QUETTA, Pakistan: Pakistan’s top judge yesterday accused the paramilitary Frontier Corps of involvement in the disappearance of a third of all the missing persons in the country’s restive southwest.
Pakistan’s Supreme Court is investigating cases of missing people in southwestern Baluchistan province, where the military has been accused of rights violations in its bid to put down a separatist insurgency.
Chief Justice Iftikhar Muhammad Chaudhry, sitting in the Baluchistan capital Quetta, ordered Frontier Corps (FC) officials to produce missing persons before the court.

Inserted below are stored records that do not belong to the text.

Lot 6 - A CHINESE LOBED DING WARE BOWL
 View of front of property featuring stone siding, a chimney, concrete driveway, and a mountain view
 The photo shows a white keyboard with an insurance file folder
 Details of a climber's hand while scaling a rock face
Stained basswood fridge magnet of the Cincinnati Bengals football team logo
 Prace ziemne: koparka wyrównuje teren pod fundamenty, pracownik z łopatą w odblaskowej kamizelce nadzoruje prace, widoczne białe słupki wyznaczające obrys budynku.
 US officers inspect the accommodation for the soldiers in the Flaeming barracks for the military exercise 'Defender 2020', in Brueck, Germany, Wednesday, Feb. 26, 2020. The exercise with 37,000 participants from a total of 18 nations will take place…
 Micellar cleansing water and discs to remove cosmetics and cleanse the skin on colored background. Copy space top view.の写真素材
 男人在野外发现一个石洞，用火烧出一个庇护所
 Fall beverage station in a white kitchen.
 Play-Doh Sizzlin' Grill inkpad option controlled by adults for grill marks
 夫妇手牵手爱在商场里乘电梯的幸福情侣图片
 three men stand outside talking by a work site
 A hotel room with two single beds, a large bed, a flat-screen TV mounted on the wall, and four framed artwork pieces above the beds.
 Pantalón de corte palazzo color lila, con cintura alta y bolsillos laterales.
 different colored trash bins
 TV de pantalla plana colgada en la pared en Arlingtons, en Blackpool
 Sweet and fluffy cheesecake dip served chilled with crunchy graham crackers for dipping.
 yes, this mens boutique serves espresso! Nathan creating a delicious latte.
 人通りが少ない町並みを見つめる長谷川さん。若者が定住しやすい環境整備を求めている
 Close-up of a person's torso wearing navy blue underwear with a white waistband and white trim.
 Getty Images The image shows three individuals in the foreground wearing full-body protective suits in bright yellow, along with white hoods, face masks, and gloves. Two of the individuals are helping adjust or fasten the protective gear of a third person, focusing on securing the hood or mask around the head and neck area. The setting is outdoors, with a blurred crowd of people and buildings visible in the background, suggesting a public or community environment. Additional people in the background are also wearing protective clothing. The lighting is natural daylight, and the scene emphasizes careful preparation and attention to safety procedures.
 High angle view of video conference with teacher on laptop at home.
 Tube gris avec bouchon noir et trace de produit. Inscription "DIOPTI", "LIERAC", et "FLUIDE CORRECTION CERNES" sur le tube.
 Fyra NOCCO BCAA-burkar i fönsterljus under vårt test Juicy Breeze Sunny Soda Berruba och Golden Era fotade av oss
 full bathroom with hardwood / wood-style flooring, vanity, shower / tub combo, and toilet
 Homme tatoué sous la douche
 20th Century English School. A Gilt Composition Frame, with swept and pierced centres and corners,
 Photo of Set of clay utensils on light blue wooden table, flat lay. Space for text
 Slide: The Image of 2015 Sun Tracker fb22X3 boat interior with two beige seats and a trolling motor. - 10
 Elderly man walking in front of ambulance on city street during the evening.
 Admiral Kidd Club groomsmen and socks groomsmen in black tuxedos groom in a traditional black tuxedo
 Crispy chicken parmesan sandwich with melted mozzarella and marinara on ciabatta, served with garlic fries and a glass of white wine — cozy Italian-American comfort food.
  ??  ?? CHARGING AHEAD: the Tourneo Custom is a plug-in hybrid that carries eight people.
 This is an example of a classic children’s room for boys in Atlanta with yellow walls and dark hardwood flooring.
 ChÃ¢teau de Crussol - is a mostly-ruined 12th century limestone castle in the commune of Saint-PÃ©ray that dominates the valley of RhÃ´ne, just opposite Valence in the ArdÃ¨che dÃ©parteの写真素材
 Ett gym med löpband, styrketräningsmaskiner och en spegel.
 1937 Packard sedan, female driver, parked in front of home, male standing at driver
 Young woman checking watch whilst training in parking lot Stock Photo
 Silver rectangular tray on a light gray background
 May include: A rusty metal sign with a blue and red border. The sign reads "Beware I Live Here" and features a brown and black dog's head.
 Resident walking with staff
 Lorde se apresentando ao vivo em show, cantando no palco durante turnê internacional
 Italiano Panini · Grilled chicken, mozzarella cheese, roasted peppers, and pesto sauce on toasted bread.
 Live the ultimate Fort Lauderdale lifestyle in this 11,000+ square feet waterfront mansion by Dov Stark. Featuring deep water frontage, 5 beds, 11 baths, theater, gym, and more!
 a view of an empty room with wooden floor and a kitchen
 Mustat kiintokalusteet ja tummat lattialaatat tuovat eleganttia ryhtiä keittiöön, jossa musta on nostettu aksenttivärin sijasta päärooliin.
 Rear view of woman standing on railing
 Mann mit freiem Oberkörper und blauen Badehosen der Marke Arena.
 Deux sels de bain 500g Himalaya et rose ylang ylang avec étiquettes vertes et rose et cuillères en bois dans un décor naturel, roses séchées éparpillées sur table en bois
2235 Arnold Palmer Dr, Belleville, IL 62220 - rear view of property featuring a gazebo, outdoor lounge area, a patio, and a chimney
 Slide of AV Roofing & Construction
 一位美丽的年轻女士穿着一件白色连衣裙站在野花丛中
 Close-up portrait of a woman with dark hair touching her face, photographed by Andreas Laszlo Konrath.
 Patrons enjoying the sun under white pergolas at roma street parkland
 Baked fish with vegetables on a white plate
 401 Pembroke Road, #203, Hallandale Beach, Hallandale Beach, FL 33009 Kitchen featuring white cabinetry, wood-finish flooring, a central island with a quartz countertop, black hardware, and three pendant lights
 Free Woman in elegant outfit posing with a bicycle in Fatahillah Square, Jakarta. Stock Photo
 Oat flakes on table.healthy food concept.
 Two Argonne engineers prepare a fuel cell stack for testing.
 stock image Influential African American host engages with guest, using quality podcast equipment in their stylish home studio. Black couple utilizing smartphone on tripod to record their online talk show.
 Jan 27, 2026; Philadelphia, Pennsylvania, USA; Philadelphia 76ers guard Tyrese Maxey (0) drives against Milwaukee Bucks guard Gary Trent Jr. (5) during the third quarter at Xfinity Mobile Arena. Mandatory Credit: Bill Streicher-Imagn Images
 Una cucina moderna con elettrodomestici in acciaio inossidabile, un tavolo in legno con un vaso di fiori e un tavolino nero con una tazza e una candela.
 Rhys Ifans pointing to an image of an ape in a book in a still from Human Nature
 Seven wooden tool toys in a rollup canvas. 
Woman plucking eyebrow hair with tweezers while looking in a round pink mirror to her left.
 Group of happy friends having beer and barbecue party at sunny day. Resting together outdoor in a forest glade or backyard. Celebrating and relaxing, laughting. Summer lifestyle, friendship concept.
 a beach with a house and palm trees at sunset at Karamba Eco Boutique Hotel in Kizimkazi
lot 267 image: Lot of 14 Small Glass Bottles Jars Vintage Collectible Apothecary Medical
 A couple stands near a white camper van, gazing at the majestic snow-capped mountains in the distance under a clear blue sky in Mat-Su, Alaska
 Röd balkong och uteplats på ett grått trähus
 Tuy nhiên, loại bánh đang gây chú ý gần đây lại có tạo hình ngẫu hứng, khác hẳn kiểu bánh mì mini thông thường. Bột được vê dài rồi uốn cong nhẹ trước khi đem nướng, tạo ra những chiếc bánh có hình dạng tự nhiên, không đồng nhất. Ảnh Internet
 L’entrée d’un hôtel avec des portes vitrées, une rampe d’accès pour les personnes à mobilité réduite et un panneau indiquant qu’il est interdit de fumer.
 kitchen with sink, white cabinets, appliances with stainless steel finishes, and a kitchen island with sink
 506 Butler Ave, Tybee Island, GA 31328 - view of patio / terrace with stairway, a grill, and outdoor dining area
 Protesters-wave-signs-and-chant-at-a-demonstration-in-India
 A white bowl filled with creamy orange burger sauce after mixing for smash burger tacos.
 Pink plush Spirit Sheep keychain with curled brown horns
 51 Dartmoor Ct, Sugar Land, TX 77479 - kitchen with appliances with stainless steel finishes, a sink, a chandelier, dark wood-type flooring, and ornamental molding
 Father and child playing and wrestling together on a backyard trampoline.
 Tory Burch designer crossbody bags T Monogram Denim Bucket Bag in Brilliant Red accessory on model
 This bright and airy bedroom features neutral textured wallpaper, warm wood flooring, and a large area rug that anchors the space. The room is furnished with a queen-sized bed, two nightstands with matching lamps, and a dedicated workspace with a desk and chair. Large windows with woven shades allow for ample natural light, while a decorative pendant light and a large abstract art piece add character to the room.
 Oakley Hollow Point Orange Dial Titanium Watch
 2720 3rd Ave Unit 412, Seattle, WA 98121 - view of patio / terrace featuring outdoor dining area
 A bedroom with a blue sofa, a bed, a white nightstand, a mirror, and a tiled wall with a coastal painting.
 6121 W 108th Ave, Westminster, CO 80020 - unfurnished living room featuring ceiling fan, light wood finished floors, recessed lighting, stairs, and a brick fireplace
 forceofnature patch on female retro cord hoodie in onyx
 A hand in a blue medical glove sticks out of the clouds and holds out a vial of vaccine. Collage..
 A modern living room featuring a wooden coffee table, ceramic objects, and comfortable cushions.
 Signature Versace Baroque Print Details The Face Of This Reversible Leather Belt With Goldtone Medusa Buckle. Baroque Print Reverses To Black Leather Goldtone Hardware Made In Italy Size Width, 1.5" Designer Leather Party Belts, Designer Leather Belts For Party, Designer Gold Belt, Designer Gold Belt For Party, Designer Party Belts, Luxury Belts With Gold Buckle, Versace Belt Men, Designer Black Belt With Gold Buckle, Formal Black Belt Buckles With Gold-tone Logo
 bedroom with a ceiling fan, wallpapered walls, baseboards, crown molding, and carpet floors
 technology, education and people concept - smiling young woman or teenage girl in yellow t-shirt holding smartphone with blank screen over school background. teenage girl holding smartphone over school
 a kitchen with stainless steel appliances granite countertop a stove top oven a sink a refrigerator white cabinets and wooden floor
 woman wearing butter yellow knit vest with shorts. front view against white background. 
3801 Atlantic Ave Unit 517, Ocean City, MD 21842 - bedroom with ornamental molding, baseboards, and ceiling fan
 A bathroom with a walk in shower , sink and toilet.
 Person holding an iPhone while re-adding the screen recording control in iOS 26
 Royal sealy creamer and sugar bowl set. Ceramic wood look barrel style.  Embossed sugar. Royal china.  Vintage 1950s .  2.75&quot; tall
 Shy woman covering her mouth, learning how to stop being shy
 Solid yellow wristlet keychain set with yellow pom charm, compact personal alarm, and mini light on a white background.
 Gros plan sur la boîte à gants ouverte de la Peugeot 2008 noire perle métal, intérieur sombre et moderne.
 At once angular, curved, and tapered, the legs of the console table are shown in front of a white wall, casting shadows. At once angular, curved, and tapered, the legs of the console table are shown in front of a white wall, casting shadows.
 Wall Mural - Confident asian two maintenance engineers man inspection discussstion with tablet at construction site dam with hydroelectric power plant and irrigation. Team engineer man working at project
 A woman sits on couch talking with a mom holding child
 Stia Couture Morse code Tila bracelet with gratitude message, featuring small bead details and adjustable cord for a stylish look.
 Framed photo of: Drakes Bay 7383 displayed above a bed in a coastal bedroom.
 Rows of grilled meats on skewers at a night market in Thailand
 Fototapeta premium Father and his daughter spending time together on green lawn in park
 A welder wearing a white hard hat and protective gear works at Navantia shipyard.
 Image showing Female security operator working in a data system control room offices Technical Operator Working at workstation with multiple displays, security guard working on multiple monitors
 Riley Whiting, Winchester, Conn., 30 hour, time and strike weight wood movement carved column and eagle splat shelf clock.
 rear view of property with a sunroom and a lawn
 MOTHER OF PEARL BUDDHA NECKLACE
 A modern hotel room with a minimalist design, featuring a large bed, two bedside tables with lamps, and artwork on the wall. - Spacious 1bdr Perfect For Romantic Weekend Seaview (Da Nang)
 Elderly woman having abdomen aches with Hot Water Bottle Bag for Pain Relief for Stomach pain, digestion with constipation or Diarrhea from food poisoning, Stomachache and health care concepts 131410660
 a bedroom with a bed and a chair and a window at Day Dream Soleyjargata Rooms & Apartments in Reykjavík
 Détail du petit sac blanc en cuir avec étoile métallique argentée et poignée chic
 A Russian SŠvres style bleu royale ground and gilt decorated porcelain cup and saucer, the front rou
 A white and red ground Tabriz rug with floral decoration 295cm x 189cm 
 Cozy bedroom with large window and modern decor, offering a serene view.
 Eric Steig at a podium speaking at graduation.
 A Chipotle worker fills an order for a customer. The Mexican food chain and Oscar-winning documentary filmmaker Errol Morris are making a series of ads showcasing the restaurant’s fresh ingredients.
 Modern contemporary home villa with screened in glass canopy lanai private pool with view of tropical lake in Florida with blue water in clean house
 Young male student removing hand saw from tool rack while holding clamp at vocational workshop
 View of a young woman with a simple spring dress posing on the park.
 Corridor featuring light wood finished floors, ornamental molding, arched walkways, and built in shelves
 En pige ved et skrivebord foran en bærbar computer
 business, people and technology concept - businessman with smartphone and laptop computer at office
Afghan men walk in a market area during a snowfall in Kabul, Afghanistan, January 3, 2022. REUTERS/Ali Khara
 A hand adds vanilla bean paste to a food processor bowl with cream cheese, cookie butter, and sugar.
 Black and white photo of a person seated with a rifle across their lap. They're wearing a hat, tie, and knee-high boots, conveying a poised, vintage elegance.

“Enough evidences are available for involvement of the Frontier Corps in picking up of every third missing person” in Baluchistan, he said.
Chaudhry and two other judges also heard a case involving the alleged abduction of 30 people and killing of two tribesmen in the Totak Khuzdar district of Baluchistan in February last year.
The court ordered FC officials to produce people from the Totak incident which it had in custody.
Baluchistan, which borders Iran and Afghanistan, is rich in oil and gas, but remains one of the most deprived areas of Pakistan. Rights activists have accused the military of mass arrests and extra-judicial executions in its bid to put down a separatist insurgency.
UN human rights chief Navi Pillay last month voiced concern about “very grave” rights violations during Pakistani military operations.
Baluch rebels rose up in 2004, demanding political autonomy and a greater share of profits from the oil, gas and mineral resources in the region.
The province has also been a flashpoint for violence between Sunnis and Shiites, who account for around 20 percent of the population, that has left thousands of people dead since the late 1980s.
Last month the high court in the northwestern city of Peshawar ordered spy agencies, police and the provincial government to provide details on the status of 170 people.
In February, seven men allegedly held by intelligence services appeared before the Supreme Court, more than a year and a half after being allegedly arrested in connection with terror attacks.
It was an unprecedented development that challenged perceptions that Pakistan’s feared Inter-Services Intelligence operated above the law.